"Валентин Петрович Катаев. Почти дневник (Статьи, очерки)" - читать интересную книгу автора

Престарелые ученые, писатели с именами, не успевшие бежать издатели,
актеры и местные молодые поэты заседали по многу часов кряду, пытаясь не
столько договориться до дела, сколько хоть немного понять друг друга.
Свобода на этих собраниях была полная. Наиболее консервативная часть
ставила вопрос о самом факте признания Советской власти. Для них вопрос
"признавать или не признавать" был вопросом первостепенной важности. Они
даже не подозревали, что власть совершенно не нуждается в их признании и
разрешает им собираться исключительно для того, чтобы они могли лучше
познакомиться с порядком вещей в Республике.
Наиболее левая часть собрания, молодые поэты и художники
преимущественно, левые не только в области искусства, но и в области
политики, требовали не только полного признания власти, но также и активного
перехода на советскую платформу. Они призывали к сотрудничеству с рабочими и
желали объединения на этой почве. Средняя, наиболее осторожная часть упорно
стояла на почве чисто профессионального объединения, старательно избегая
вопроса о самом признании или непризнании существующей власти.
Я видел одно из этих собраний.
В большом, очень изящно отделанном зале, где еще так недавно лакеи во
фраках прислуживали эстетам в бархатных куртках и актрисам, разрисованным по
самой последней моде, теперь стояли стулья и грубые скамьи. На скамьях и
стульях сидели взволнованные, выбитые из колеи люди. В проходах толпились
опоздавшие.
Я видел знаменитого академика по разряду изящной словесности, сидевшего
в углу и опиравшегося подбородком о набалдашник толстой палки. Он был желт,
зол и морщинист. Худая его шея, вылезавшая из цветной манишки, туго
пружинилась. Опухшие, словно заплаканные, глаза смотрели пронзительно и
свирепо. Он весь подергивался на месте и вертел шеей, словно ее давил
воротничок. Он был наиболее непримирим.
Я видел другого академика (ныне покойного), почтенного филолога, очень
растерянно и по-стариковски согнувшись сидевшего во втором ряду рядом со
своей женой, сухой и бойкой старушкой. Он никак не мог понять, зачем так
много народа, что они хотят и почему кричат.
За столом президиума сидел рыжебородый издатель, ассириец с длинными
глазами навыкате, и очень мохнатый, похожий на геральдического медведя,
поэт-декадент с крупным всероссийским именем.
Говорил преимущественно поэт.

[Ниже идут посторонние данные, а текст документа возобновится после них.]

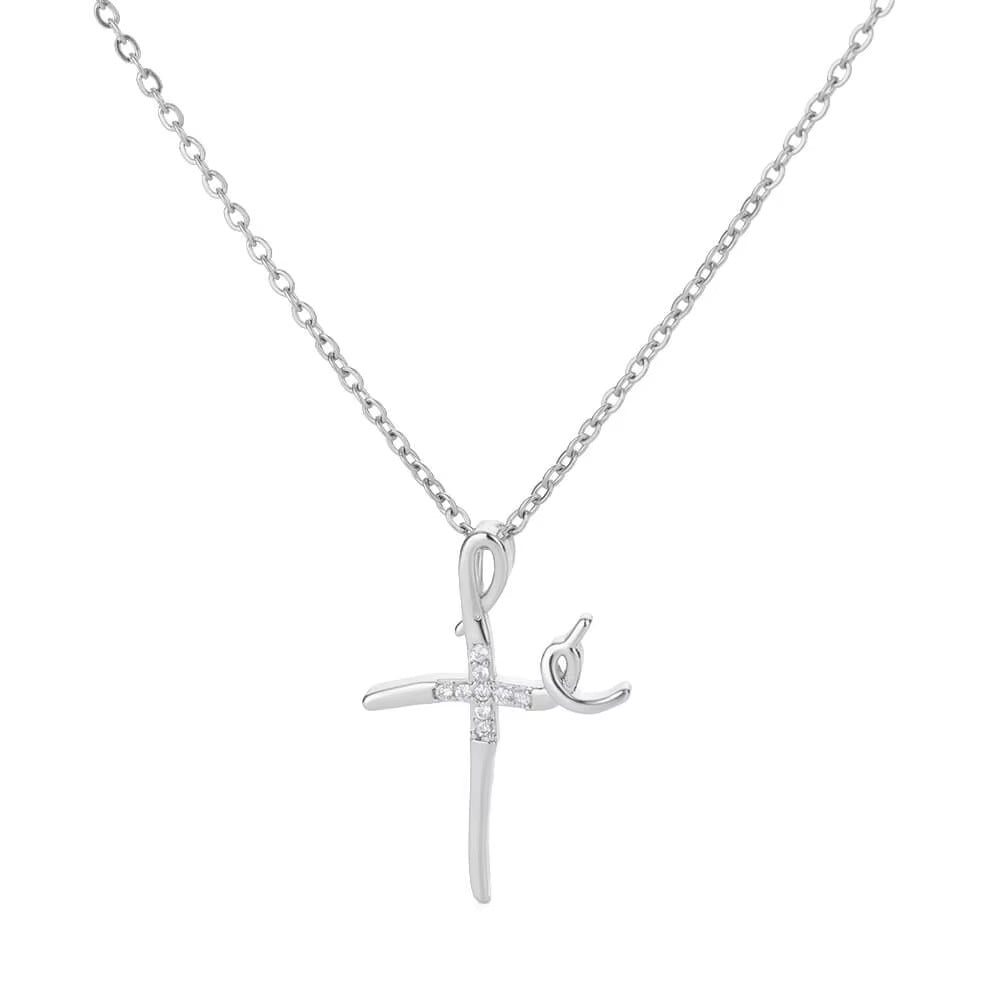 Grace Cross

Он был лидер золотой середины. Очень
приятным, грубоватым и убедительным эстрадным голосом он призывал собрание
под знамена профессионального союза, пропуская мимо ушей вопросы о признании
и непризнании. Он говорил о том, что мастерство печатника, что закон
типографской буквы и закон поэтического звука - есть один и тот же закон.
При этом он очень удачно цитировал Анри де Ренье, и себя, и еще кого-то из
новых.
Несколько раз академик по разряду изящной словесности вскакивал с места
и сердито стучал палкой об пол. Неоднократно левые демонстративно удалялись
из зала и были призываемы обратно во имя общего объединения.
Жена академика-филолога держала своего неуклюжего мужа за рукав и
требовала, чтобы он что-то сказал собранию. Несколько раз старик подымался,
вытаскивал из кармана мятый носовой платок, улыбался и садился на место, так
как общий шум не давал ему говорить.
Так соглашение достигнуто и не было.